**Information given**
★ ★ ★ ★ ★ ★ ★
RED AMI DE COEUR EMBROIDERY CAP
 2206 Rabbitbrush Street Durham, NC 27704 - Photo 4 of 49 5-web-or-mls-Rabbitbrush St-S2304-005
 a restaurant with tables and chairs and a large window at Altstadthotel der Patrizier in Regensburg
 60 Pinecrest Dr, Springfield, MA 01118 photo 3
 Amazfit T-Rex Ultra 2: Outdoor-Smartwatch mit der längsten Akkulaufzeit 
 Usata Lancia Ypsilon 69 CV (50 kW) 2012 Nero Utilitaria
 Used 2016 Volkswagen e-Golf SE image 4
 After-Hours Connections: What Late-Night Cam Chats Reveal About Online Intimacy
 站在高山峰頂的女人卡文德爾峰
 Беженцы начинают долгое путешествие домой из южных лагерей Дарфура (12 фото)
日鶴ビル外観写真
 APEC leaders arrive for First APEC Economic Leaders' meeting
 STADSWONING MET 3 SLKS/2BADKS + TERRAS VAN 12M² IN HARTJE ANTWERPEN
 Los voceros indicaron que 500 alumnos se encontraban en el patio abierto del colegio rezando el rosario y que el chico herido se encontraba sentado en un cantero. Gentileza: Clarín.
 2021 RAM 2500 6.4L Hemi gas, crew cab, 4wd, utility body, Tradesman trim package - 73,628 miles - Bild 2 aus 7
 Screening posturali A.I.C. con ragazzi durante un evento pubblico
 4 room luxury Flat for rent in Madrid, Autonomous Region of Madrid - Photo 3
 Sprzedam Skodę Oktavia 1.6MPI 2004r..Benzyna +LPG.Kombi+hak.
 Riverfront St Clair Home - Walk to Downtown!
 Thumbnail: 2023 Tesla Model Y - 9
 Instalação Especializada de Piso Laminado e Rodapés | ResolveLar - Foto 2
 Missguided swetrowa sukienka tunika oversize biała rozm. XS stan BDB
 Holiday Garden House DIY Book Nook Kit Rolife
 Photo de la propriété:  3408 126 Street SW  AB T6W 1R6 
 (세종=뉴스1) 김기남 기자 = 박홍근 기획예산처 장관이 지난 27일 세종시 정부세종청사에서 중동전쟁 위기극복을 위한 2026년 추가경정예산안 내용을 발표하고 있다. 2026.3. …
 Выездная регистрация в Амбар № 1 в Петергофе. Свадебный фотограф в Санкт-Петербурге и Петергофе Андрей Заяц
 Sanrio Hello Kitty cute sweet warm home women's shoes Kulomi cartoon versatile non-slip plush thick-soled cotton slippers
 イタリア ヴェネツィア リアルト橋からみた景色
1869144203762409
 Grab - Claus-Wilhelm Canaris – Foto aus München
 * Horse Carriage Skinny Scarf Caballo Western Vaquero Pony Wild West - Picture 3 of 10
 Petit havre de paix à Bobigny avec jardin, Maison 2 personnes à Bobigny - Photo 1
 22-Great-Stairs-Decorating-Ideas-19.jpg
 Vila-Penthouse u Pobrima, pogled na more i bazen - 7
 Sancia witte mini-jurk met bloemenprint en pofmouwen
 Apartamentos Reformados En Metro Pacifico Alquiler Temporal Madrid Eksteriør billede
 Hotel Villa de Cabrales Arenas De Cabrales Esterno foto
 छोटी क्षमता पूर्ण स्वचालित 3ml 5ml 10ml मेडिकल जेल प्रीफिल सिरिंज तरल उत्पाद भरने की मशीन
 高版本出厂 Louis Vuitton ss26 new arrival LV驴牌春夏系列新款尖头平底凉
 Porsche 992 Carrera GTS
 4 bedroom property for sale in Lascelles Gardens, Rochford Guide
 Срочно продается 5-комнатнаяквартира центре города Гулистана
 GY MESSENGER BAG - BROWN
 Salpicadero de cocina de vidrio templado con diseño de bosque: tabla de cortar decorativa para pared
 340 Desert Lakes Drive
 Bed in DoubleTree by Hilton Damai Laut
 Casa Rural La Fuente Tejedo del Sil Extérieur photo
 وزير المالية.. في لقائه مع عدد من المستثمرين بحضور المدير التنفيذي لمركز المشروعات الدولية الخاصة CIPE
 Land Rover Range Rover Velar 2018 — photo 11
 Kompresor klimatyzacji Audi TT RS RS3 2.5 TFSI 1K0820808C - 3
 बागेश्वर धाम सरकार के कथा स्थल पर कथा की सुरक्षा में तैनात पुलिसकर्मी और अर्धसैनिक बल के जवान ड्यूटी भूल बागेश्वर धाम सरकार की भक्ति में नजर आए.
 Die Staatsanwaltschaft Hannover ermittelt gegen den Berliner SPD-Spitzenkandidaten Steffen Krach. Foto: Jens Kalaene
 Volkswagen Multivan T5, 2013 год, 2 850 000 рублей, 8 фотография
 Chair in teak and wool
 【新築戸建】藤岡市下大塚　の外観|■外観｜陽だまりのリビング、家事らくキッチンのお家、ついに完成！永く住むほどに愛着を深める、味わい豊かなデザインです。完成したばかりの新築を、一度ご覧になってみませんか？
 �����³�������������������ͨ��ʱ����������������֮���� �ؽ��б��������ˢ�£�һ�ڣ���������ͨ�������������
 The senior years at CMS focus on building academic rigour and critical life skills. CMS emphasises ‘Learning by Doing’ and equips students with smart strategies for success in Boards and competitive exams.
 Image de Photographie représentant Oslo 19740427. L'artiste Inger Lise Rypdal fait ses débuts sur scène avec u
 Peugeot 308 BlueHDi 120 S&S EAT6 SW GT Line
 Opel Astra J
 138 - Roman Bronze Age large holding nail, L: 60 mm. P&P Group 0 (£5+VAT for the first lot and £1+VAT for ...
★ ★ ★ ★ ★ ★ ★
**Task directions**
Once the line with "Salpicadero de cocina" is found, transcribe it and each line after it through the final line of the entries, exactly and only.

**Response to this task**
 Salpicadero de cocina de vidrio templado con diseño de bosque: tabla de cortar decorativa para pared
 340 Desert Lakes Drive
 Bed in DoubleTree by Hilton Damai Laut
 Casa Rural La Fuente Tejedo del Sil Extérieur photo
 وزير المالية.. في لقائه مع عدد من المستثمرين بحضور المدير التنفيذي لمركز المشروعات الدولية الخاصة CIPE
 Land Rover Range Rover Velar 2018 — photo 11
 Kompresor klimatyzacji Audi TT RS RS3 2.5 TFSI 1K0820808C - 3
 बागेश्वर धाम सरकार के कथा स्थल पर कथा की सुरक्षा में तैनात पुलिसकर्मी और अर्धसैनिक बल के जवान ड्यूटी भूल बागेश्वर धाम सरकार की भक्ति में नजर आए.
 Die Staatsanwaltschaft Hannover ermittelt gegen den Berliner SPD-Spitzenkandidaten Steffen Krach. Foto: Jens Kalaene
 Volkswagen Multivan T5, 2013 год, 2 850 000 рублей, 8 фотография
 Chair in teak and wool
 【新築戸建】藤岡市下大塚　の外観|■外観｜陽だまりのリビング、家事らくキッチンのお家、ついに完成！永く住むほどに愛着を深める、味わい豊かなデザインです。完成したばかりの新築を、一度ご覧になってみませんか？
 �����³�������������������ͨ��ʱ����������������֮���� �ؽ��б��������ˢ�£�һ�ڣ���������ͨ�������������
 The senior years at CMS focus on building academic rigour and critical life skills. CMS emphasises ‘Learning by Doing’ and equips students with smart strategies for success in Boards and competitive exams.
 Image de Photographie représentant Oslo 19740427. L'artiste Inger Lise Rypdal fait ses débuts sur scène avec u
 Peugeot 308 BlueHDi 120 S&S EAT6 SW GT Line
 Opel Astra J
 138 - Roman Bronze Age large holding nail, L: 60 mm. P&P Group 0 (£5+VAT for the first lot and £1+VAT for ...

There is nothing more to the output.